In studying how tamoxifen works inside these cells, Seewaldt and her colleagues found that it kills damaged normal breast cells through this newly discovered fast-acting pathway that avoids the nuclear estrogen receptor altogether.

In its fast-acting mechanism, tamoxifen binds to the surface of damaged normal breast cells and rapidly sends signals to a protein inside the cell called AKT. This protein is critical in regulating cellular thermostats – known as mitochondria – that decide how and when a damaged cell dies. Results of this study, led by Eric Dietze, Ph.D., were published in the May 6, 2004, issue of the journal Oncogene.

In the most recently published Oncogene study, Seewaldt's team investigated how a protein that is downstream from AKT, called CBP, triggers a second protein called IRF-1 to ultimately cause damaged cells to voluntarily commit suicide – a process called apoptosis.
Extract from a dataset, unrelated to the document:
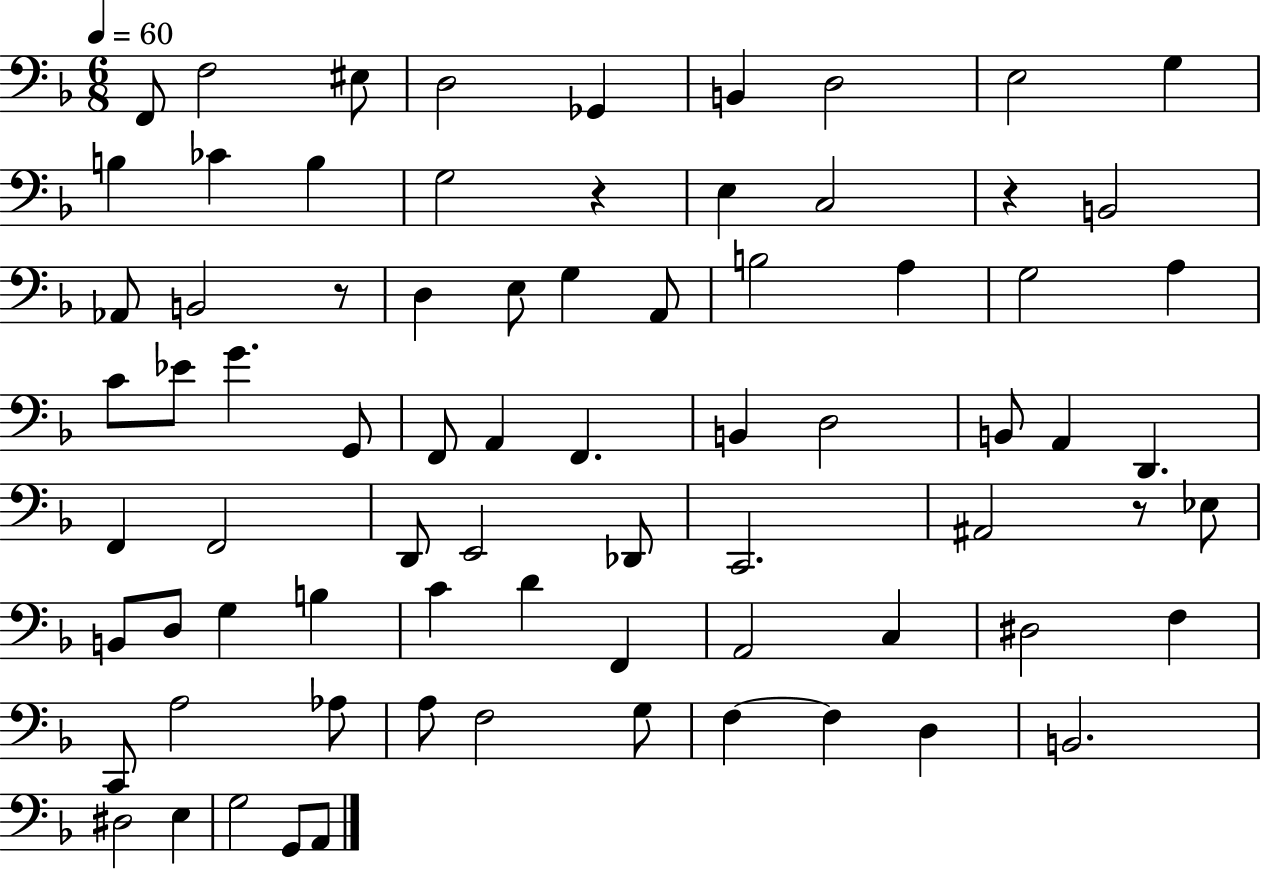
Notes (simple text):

F2/e F3/h EIS3/e D3/h Gb2/q B2/q D3/h E3/h G3/q B3/q CES4/q B3/q G3/h R/q E3/q C3/h R/q B2/h Ab2/e B2/h R/e D3/q E3/e G3/q A2/e B3/h A3/q G3/h A3/q C4/e Eb4/e G4/q. G2/e F2/e A2/q F2/q. B2/q D3/h B2/e A2/q D2/q. F2/q F2/h D2/e E2/h Db2/e C2/h. A#2/h R/e Eb3/e B2/e D3/e G3/q B3/q C4/q D4/q F2/q A2/h C3/q D#3/h F3/q C2/e A3/h Ab3/e A3/e F3/h G3/e F3/q F3/q D3/q B2/h. D#3/h E3/q G3/h G2/e A2/e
This rapid response pathway that activates CBP and IRF-1 has never been shown before, said Seewaldt. The pathway is particularly interestingly because IRF-1 is one of the genes that is also known to be important for halting the production of breast milk when a women stops breast feeding, she said. Pregnancy before the age of 30 and breast feeding are both known to be protective against breast cancer, said Seewaldt, and there appears to be a connection between the genes activated by tamoxifen, breast feeding and pregnancy.

The research was funded by the National Cancer Institute, the National Institutes of Health, the Susan G. Komen Foundation, the Department of Defense Breast Cancer Program, and the Jimmy V-Foundation.